La remise en cause des rapports de force au sein de l’organisation commence déjà à éroder les règles communes péniblement mises en place au fil des années.
Il est trop tôt pour savoir quelles autres mesures les Américains ont en tête pour affaiblir l’ONU et comment le reste des États membres réagira à cette nouvelle donne. Chose certaine, même si les États-Unis reviennent finalement à de meilleurs sentiments, l’ONU des prochaines années ne ressemblera pas à celle de Kofi Annan.
Dans la meilleure des hypothèses, on peut imaginer un retour au modèle d’avant 1989 avec un Conseil de Sécurité marginalisé mais un engagement continu de l’ensemble des États membres de l’ONU dans ses fonctions de délibérations, de négociations et de coordination de l’aide humanitaire et de la coopération pour le développement durable.
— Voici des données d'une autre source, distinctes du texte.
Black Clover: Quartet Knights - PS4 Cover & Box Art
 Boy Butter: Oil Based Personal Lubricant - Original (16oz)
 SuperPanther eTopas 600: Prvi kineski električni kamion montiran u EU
L’objectif essentiel sera d’encadrer au mieux les relations entre les États par des règles communes librement consenties. Trouver des terrains d’entente pour modifier ou adapter les règles en place afin qu’elles répondent mieux aux réalités nouvelles ne sera pas chose facile. Pas plus qu’il ne sera aisé de baliser efficacement les avancées technologiques comme l’intelligence artificielle.
Comme au temps de la guerre froide, le principe de non-intervention dans les affaires internes des États prévaudra plus souvent qu’autrement.
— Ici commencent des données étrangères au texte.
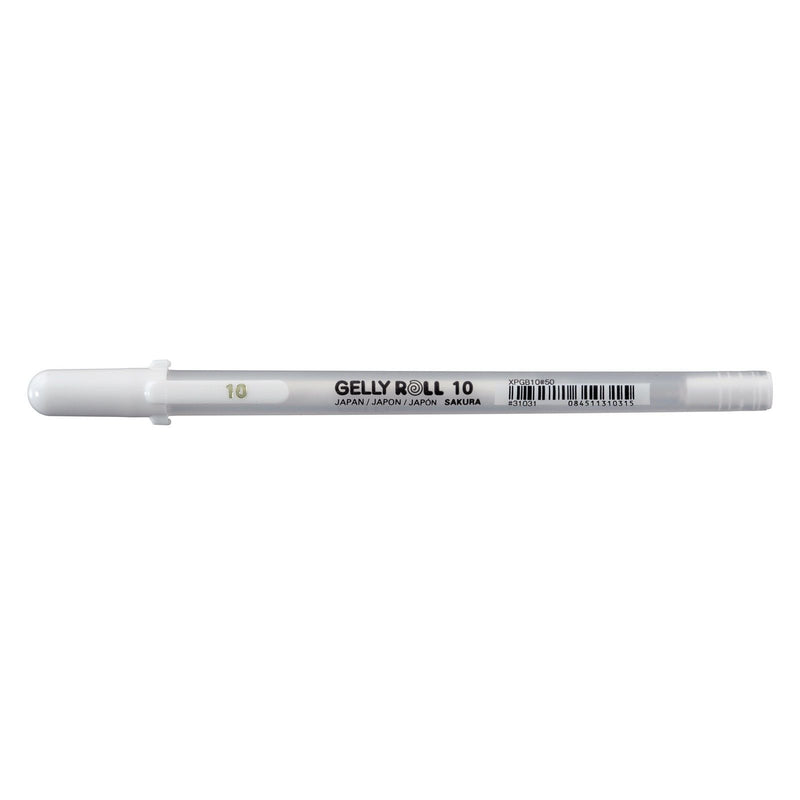 Load image into Gallery viewer, Sakura • gelly roll basic wit gelpen 10
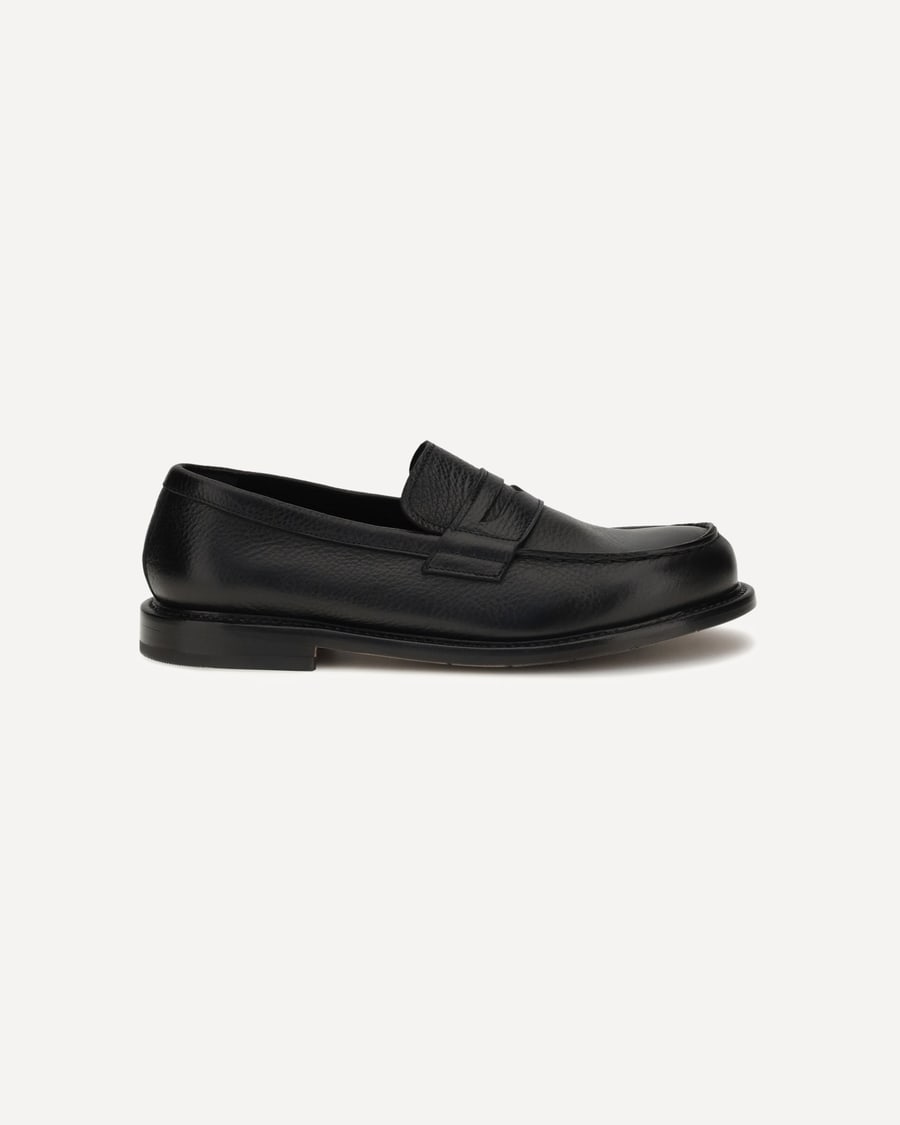PREMIATA Leather Loafer, view 3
Et il est bien possible que les États-Unis ou une autre grande puissance refuse de se commettre sur certains dossiers. Cela ne devrait pas empêcher le reste de la communauté internationale d’aller de l’avant. Ce ne sera pas la première fois que le droit et la coopération internationale se construisent graduellement, sans l’appui immédiat des plus forts.
Je suis persuadée que la grande majorité des États croient que leur sécurité et le bien-être de leur population sont mieux protégés dans le cadre d’un système multilatéral même imparfait que dans leurs relations bilatérales avec les puissances dominantes.
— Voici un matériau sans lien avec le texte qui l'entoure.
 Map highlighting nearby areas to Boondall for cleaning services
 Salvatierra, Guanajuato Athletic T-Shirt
Le Canada et les pays occidentaux peuvent continuer d’exercer un réel leadership en appui au multilatéralisme à condition de se mettre à l’écoute des pays du Sud et de les traiter en véritables partenaires plutôt qu’en simple bénéficiaires de leur générosité et de leur sagesse.
Reste à savoir si l’ONU s’avèrera l’outil privilégié pour aider les États à se prémunir contre les ambitions des plus puissants et maintenir un minimum d’ordre dans les relations internationales. Bien malin qui peut prédire ce que sera l’ONU dans cinq ou dix ans.
En dernière analyse, la survie de l’institution elle-même est moins importante que les concepts et les principes qu’elle incarne. Si on décide de fermer boutique à New York et d’inventer quelque chose de nouveau, assurons-nous que le système onusien, qui a bien servi l’humanité, ne soit pas remplacé simplement par la loi du plus fort.
Louise Fréchette occupa le poste de vice-secrétaire générale des Nations Unies de 1998 à 2006.